REQUIRED ACTION → Please write out the lines of the data exactly, beginning with the first and ending with the line containing "Personal Handheld Fan, Mini"; leave the pictures behind.

[Start of section]

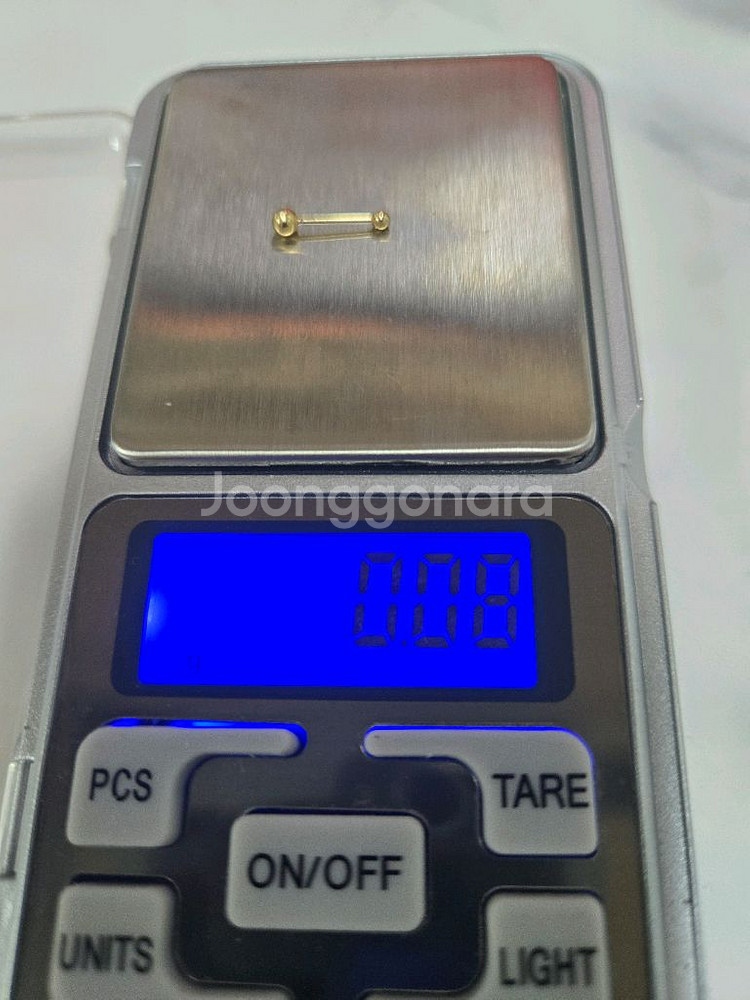 14k 옐로우골드 2mm 볼 피어싱 8mm--2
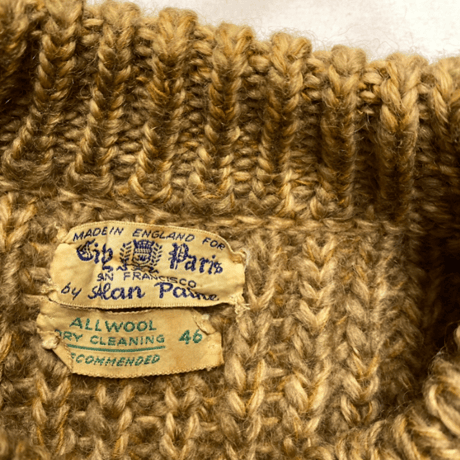 [USED] 'ALAN PAINE'ざっくりニット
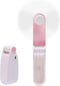 Personal Handheld Fan, Mini Portable Pocket Fan, Little Folding Fans USB Rechargeable for Woman Girls Makeup Outdoor Travel, Powerful Wind (Pink)...
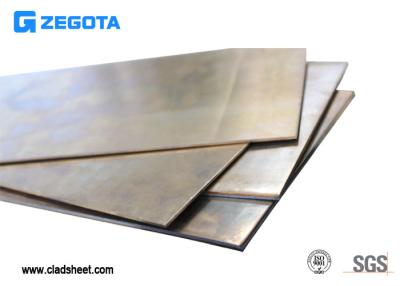 China High Magnetic Conductivity ISO 0.1mm Copper Clad Steel Sheet for sale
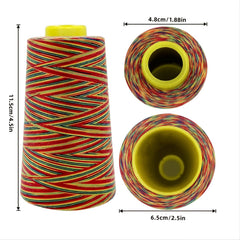 3000 Yards Rainbow Sewing Thread for Machine and Hand Repair Works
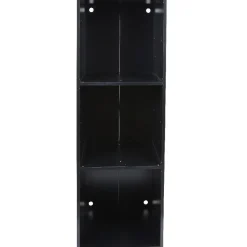 Gifi Rangement|Structure étagère 3 cases bois noir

[End of section]

TASK OUTPUT →
 14k 옐로우골드 2mm 볼 피어싱 8mm--2
 [USED] 'ALAN PAINE'ざっくりニット
 Personal Handheld Fan, Mini Portable Pocket Fan, Little Folding Fans USB Rechargeable for Woman Girls Makeup Outdoor Travel, Powerful Wind (Pink)...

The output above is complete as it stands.